[Problem to solve] Repeat the data that follows in full. Do not include the pictures.
§ §
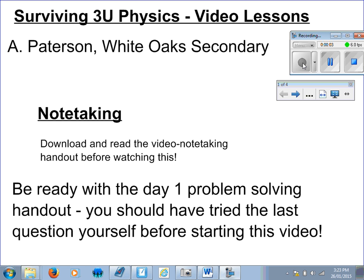Welcome to Grade 11 Physics at White Oaks Secondary School. We're going to be doing a lot of video lessons in this course, so I thought the appropriate way to start would be to have a first video lesson on how to handle video lessons. We're also going to tackle the problem-solving template that I will introduce to you, or have already introduced to you, and will model throughout the course of the semester.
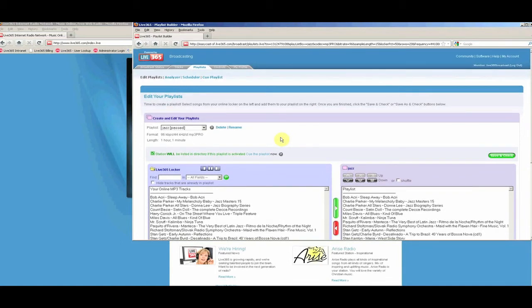If you receive an error message, follow the directions to solve the issue. In most cases, it's as simple as adding extra tracks to lengthen your playlist.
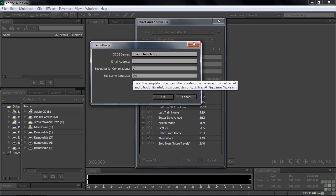When I hover the cursor there, I get this tool tip that says, enter the template to be used when creating the file name for an extracted audio track. And percentage S is the song title.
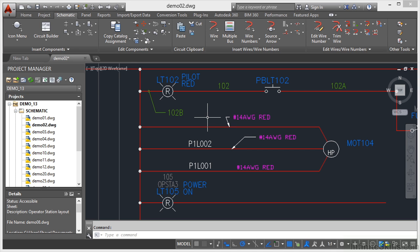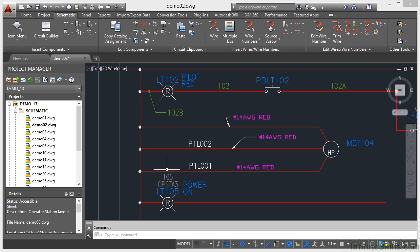To see the wood for the trees in your AutoCAD Electrical drawings, you sometimes need to hide some of your component attributes, purely because there's just not enough space on a drawing occasionally. We're still in the Demo 13 project, still in Drawing Demo 02. What we're going to look at is hiding attributes on components. You'll notice that with LT102 and LT105 there is an R in the centre indicating that it is a red pilot light.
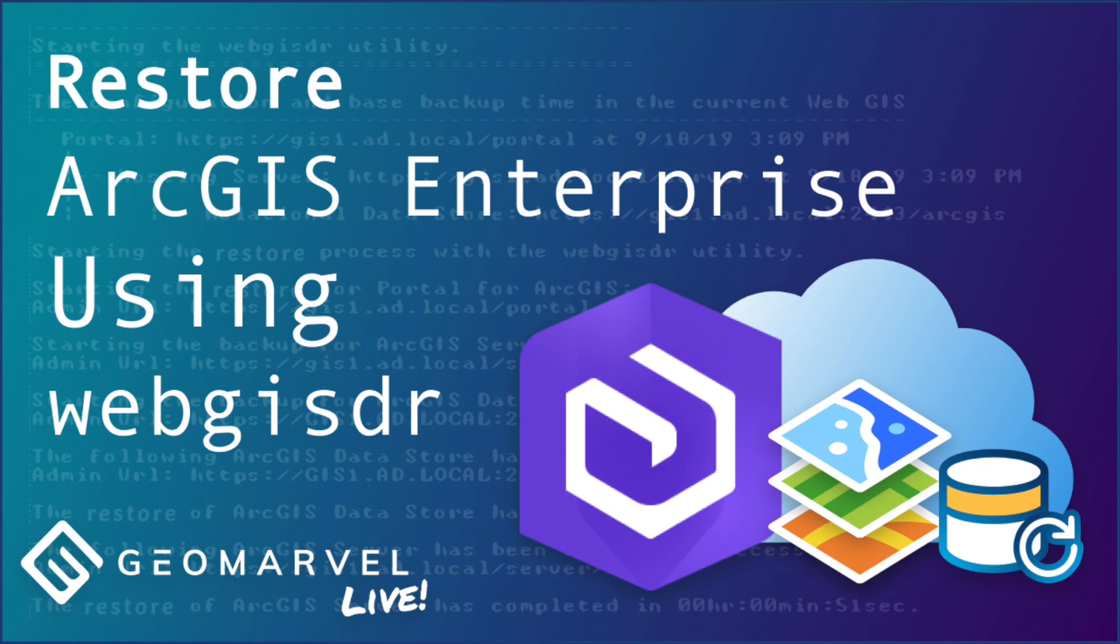Well that's a wrap for how to restore your ArcGIS Enterprise deployment utilizing the WebGIS DR utility. If you like this video, please feel free to comment, subscribe, and tune in to GeoMarvel's channel for more. Thanks for watching.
§ §
[Output below]
Welcome to Grade 11 Physics at White Oaks Secondary School. We're going to be doing a lot of video lessons in this course, so I thought the appropriate way to start would be to have a first video lesson on how to handle video lessons. We're also going to tackle the problem-solving template that I will introduce to you, or have already introduced to you, and will model throughout the course of the semester.
If you receive an error message, follow the directions to solve the issue. In most cases, it's as simple as adding extra tracks to lengthen your playlist.
When I hover the cursor there, I get this tool tip that says, enter the template to be used when creating the file name for an extracted audio track. And percentage S is the song title.
To see the wood for the trees in your AutoCAD Electrical drawings, you sometimes need to hide some of your component attributes, purely because there's just not enough space on a drawing occasionally. We're still in the Demo 13 project, still in Drawing Demo 02. What we're going to look at is hiding attributes on components. You'll notice that with LT102 and LT105 there is an R in the centre indicating that it is a red pilot light.
Well that's a wrap for how to restore your ArcGIS Enterprise deployment utilizing the WebGIS DR utility. If you like this video, please feel free to comment, subscribe, and tune in to GeoMarvel's channel for more. Thanks for watching.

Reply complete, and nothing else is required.